* _Assigned task_
Somewhere below is a line with "KF127RF77系列減速機(jī)型號(hào).png" and, later, a line with "Add to album"; repeat those two lines and all the lines between them, exactly as they are.

──────── Materials provided ────────

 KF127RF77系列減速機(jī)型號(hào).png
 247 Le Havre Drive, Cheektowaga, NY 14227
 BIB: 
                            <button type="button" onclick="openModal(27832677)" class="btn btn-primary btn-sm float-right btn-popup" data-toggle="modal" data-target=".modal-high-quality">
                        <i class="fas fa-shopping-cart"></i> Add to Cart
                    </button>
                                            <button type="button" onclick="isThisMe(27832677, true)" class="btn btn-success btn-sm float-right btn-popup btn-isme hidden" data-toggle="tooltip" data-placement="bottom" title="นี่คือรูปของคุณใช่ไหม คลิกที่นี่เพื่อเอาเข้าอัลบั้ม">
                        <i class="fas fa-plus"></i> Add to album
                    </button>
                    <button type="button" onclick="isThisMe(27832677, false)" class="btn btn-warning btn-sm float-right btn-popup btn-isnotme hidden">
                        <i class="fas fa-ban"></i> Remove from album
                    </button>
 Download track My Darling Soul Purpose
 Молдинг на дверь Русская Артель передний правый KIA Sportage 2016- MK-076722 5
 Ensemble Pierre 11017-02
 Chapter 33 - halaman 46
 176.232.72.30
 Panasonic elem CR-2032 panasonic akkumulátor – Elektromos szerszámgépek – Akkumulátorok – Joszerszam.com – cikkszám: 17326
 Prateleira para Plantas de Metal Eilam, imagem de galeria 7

────────
──────── Materials provided ────────

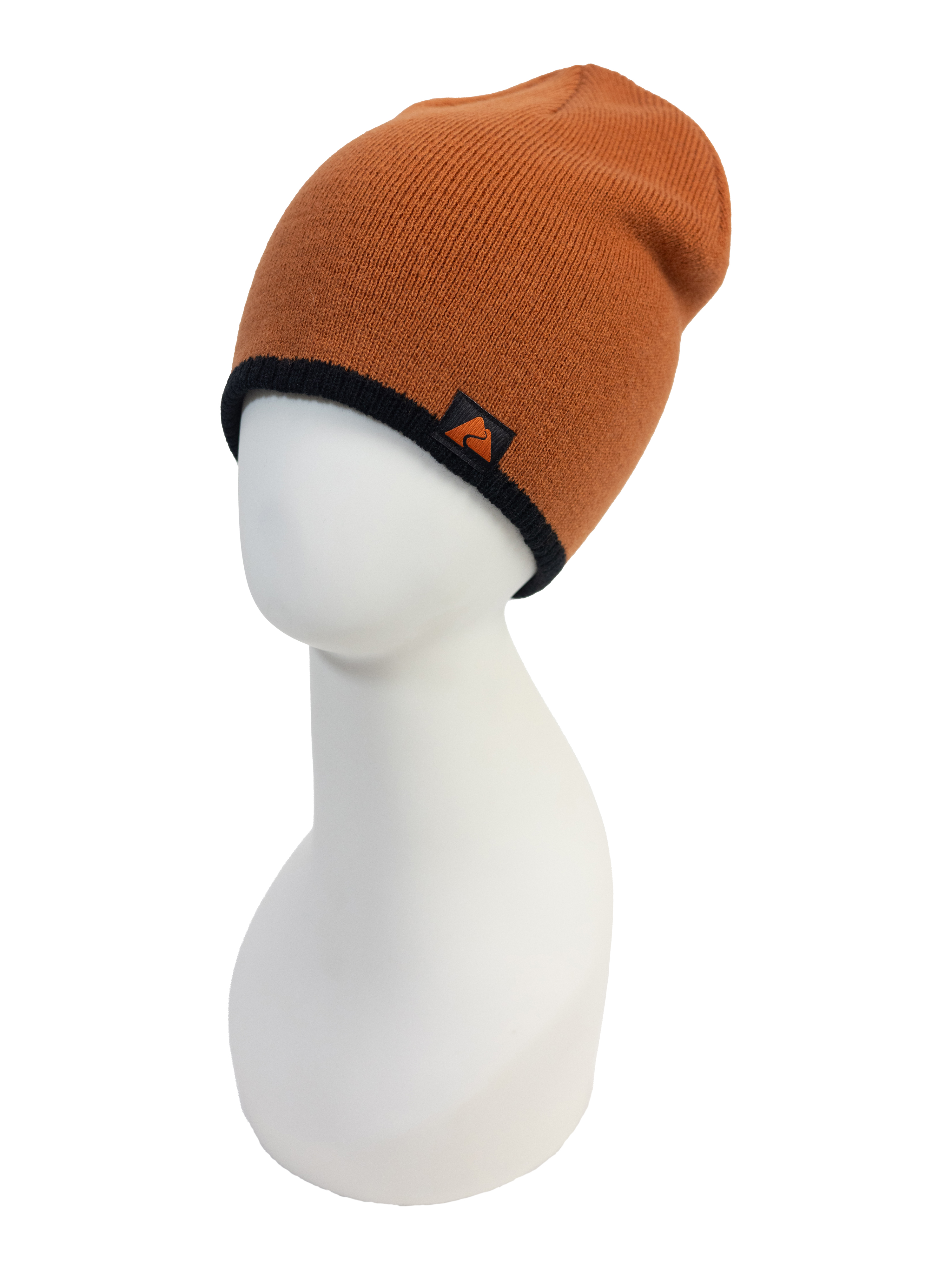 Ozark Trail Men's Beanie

────────

* _Task output_
 KF127RF77系列減速機(jī)型號(hào).png
 247 Le Havre Drive, Cheektowaga, NY 14227
 BIB: 
                            <button type="button" onclick="openModal(27832677)" class="btn btn-primary btn-sm float-right btn-popup" data-toggle="modal" data-target=".modal-high-quality">
                        <i class="fas fa-shopping-cart"></i> Add to Cart
                    </button>
                                            <button type="button" onclick="isThisMe(27832677, true)" class="btn btn-success btn-sm float-right btn-popup btn-isme hidden" data-toggle="tooltip" data-placement="bottom" title="นี่คือรูปของคุณใช่ไหม คลิกที่นี่เพื่อเอาเข้าอัลบั้ม">
                        <i class="fas fa-plus"></i> Add to album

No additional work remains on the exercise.